Eine Geschichte der Religionen von der Steinzeit bis heute vorzulegen, ist ein mutiges Unternehmen, wie Bernhard Maier auch selber bemerkt. Tatsächlich sind nach der von Mircea Eliade in fünf Bänden publizierten Geschichte der religiösen Ideen (1976 ff) solche Gesamtdarstellungen aus einer Hand eher selten verfasst worden.

Als ein Problem hebt Maier hervor, dass die zahlreichen spezialisierten Einzelstudien von keinem Forscher mehr überblickt werden könnten. Als weitere Probleme sieht er Fragen, wie die einer „angemessenen Periodisierung der Religionsgeschichte, nach einer objektiven Gewichtung des Stoffs, nach der relativen Geltung zentraler Deutungskategorien und nach der Berechtigung kausaler Erklärungen religionsgeschichtlicher Entwicklungen“. Doch werden diese Fragen in seinem Buch kaum erörtert. Zudem hält er sich weder an die Chronologie - Grundlage einer jeden Geschichtsschreibung, so dass die Darstellung der einzelnen Religionen wiederholt abgebrochen und an anderer Stelle fortgeführt wird, noch geht er geografisch vor. Der Zusammenhang der Geschichte der einzelnen Religionen, ihrer Lehren und Praktiken wird dadurch undurchsichtig. Ferner räumt der Verfasser der politischen Geschichte, die unbestritten eine wichtige Rahmenbedingung für ein Verständnis der Religionen ist, zu viel Raum ein, so dass man den Eindruck erhält, hier werde eine Weltgeschichte mit ausführlichen Bemerkungen zu den Religionen vorgelegt.

Über die einzelnen Religionen freilich erfährt man zu wenig. Das ist auch dem Aufbau des Buches geschuldet, der „bestimmte Phänomene und religionsgeschichtliche Entwicklungen“ ins Zentrum rückt. Wichtige Grundbegriffe der Religionen werden gar nicht erläutert. Ein Beispiel: Ein Bedürfnis nach Erlösung taucht in den Ausführungen zum Jainismus auf, ohne dass die Bedingungen der Ausbildung eines solchen Bedürfnisses thematisiert werden und die, damit verbundenen, weitreichenden Änderungen der Religionen ins Blickfeld kommen. Natürlich kann man die Auffassung vertreten, daß Erlösung schon immer ein Thema der Religionen war, aber dies hätte im Einzelnen dargelegt werden müssen.

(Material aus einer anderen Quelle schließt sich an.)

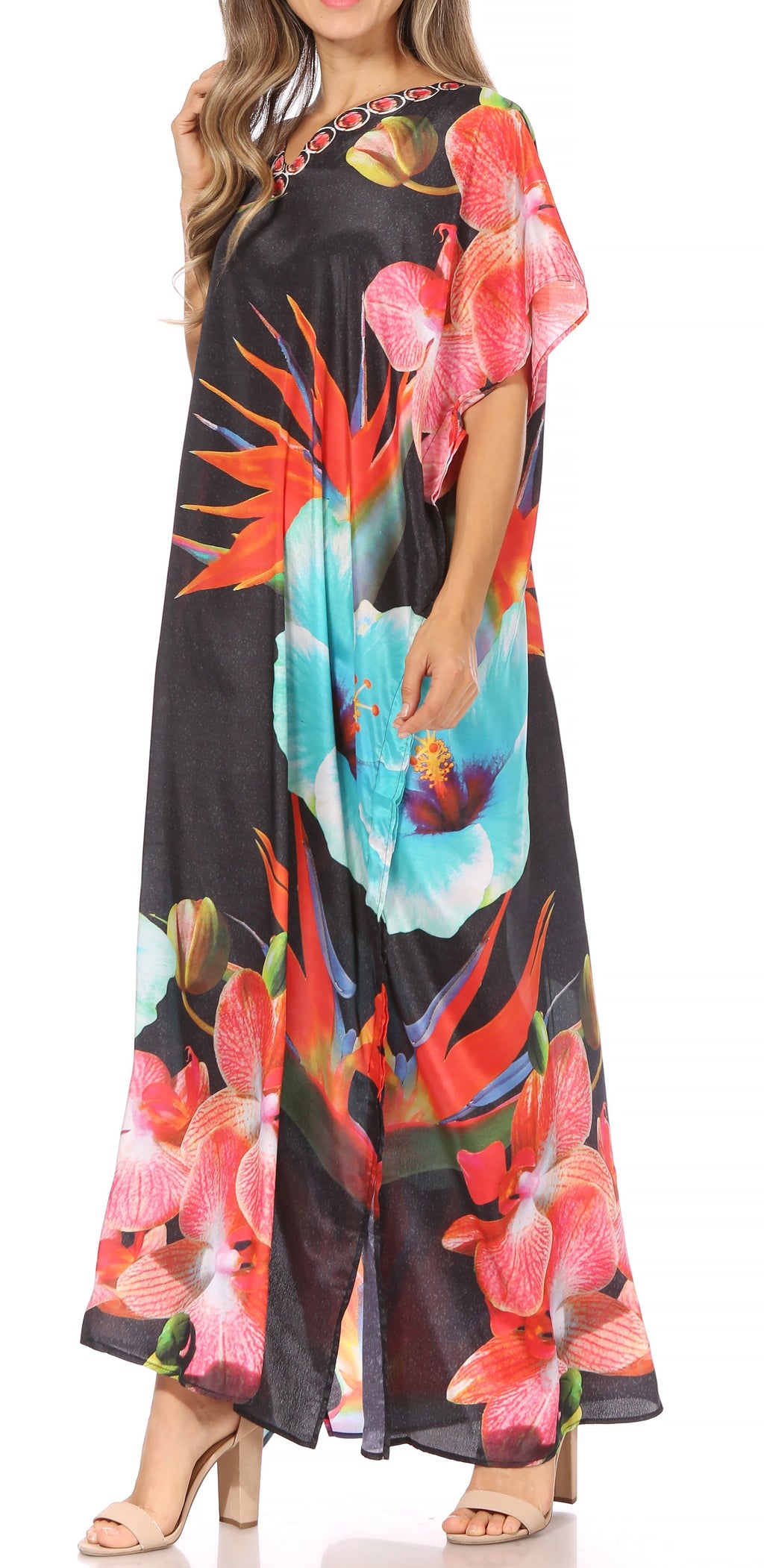 Sakkas Vicky Women's Casual Long Print Short Sleeve Petite Beach Maxi Caftan Dress - Buy One Get One Free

Ebenso wird der Begriff „Weltreligionen“ ohne Berücksichtigung seiner Mehrdeutigkeit verwendet. Als „Weltreligionen“ kann man Religionen nach ihrer Ausbreitung in der ganzen Welt ansehen oder Religionen, die sich der Welt und ihrer Gestaltung zugewandt haben.

Die Transformation des Opferkultes, der ohne Zweifel mit Anrufungen der Götter und Gebeten verbunden war, in einen Wortgottesdienst, der ins Zentrum des Kultes die Lesung aus den dann für heilig erklärten Schriften und deren Auslegung in einer Predigt setzte, wie sie im Judentum nach der Zerstörung des Tempels, im frühen Christentum und inzwischen auch von anderen Religionen adaptiert wurde, wird nicht einmal erwähnt. Diese Transformation des Kultus hatte jedoch weitreichende Konsequenzen, nicht nur für die Qualifikationen und Ausbildung der religiösen Amtsträger, sondern auch für das Selbstverständnis der Religionen selber. Eine Erörterung des Begriffs „Religion“ vermisst man ebenso. Da es aber ein Problem darstellt, was begründet als Religion reklamiert werden kann, ist eine Erörterung dieser Frage in unserer Zeit, in der mit der Auszeichnung Religion in den meisten Ländern Rechte und Pflichten verbunden sind, dringend erforderlich.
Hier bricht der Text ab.